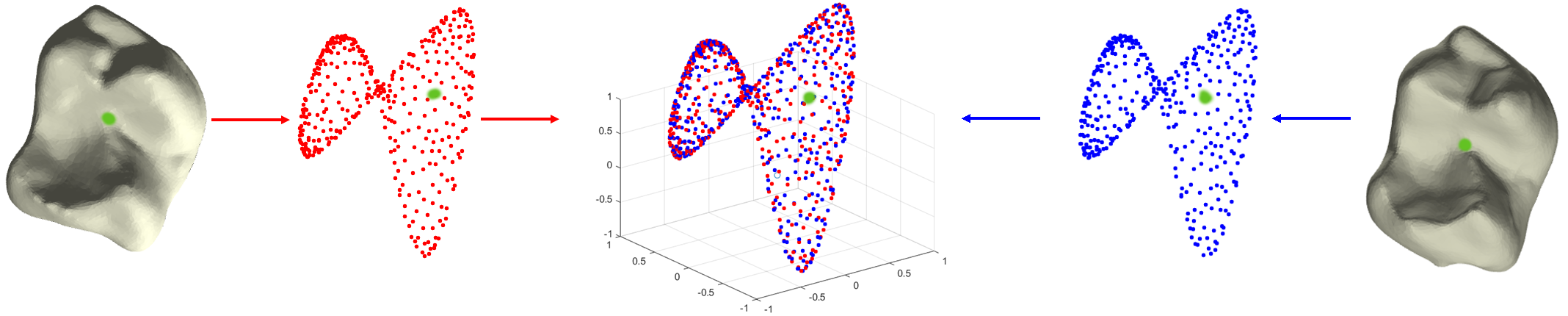 Fiber bundle diffusion map calculated based on a collection of teeth. Its eigenvectors are later used to embed the surface coordinates into 3-dimensional space (in the middle). The different colors (red, and blue) represent points from the two different teeth projected to the diffusion space. As can be seen, the projected surfaces closely recover the fiber manifold.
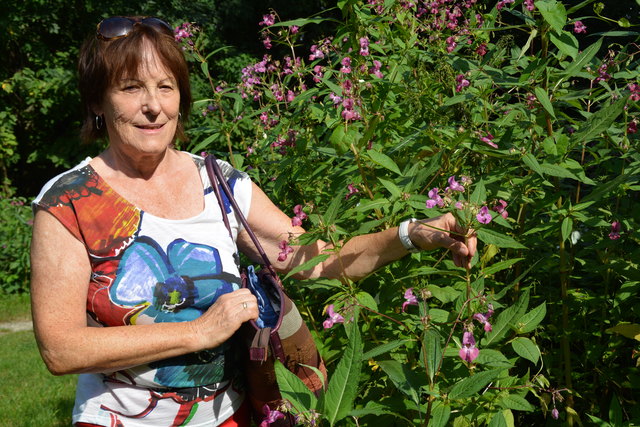 Irmgard Schnederle zeigt Drüsiges Springkraut, das für seinen Geruch und den Klang der platzenden Samenknospen bekannt ist.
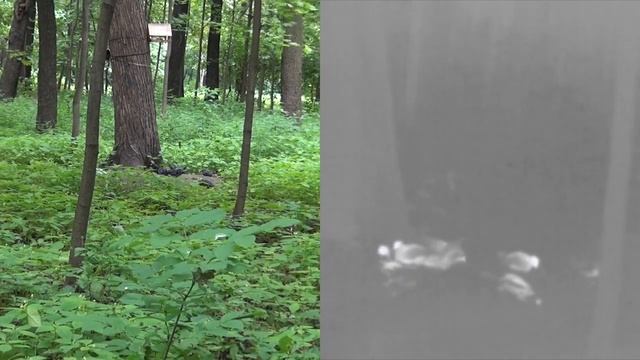 FORTUNA.ARMY - тепловизор для охоты ,монокуляр тепловозор, охота с тепловизором pulsar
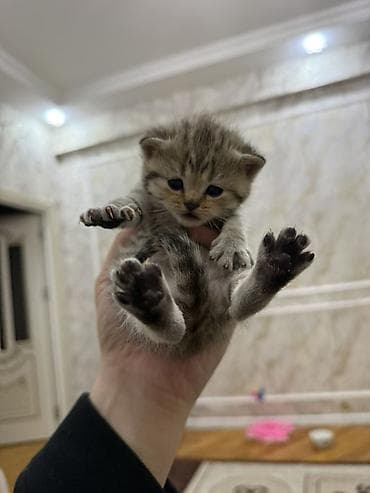 qara pitbull: Tabbi, Dişi, Erkək, Yaxşı əllərə — 2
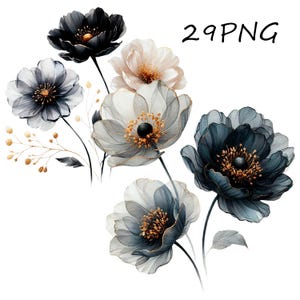 Black & Gold Flowers PNG: Scrapbooking Illustrations (Digital Download)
▬▬▬▬▬▬
#### [TASK TO COMPLETE]
The line containing "Irmgard Schnederle zeigt" marks the end: retype every line from the first one in the listing up to and including it, without pictures.

#### [OUTPUT]
 Fiber bundle diffusion map calculated based on a collection of teeth. Its eigenvectors are later used to embed the surface coordinates into 3-dimensional space (in the middle). The different colors (red, and blue) represent points from the two different teeth projected to the diffusion space. As can be seen, the projected surfaces closely recover the fiber manifold.
 Irmgard Schnederle zeigt Drüsiges Springkraut, das für seinen Geruch und den Klang der platzenden Samenknospen bekannt ist.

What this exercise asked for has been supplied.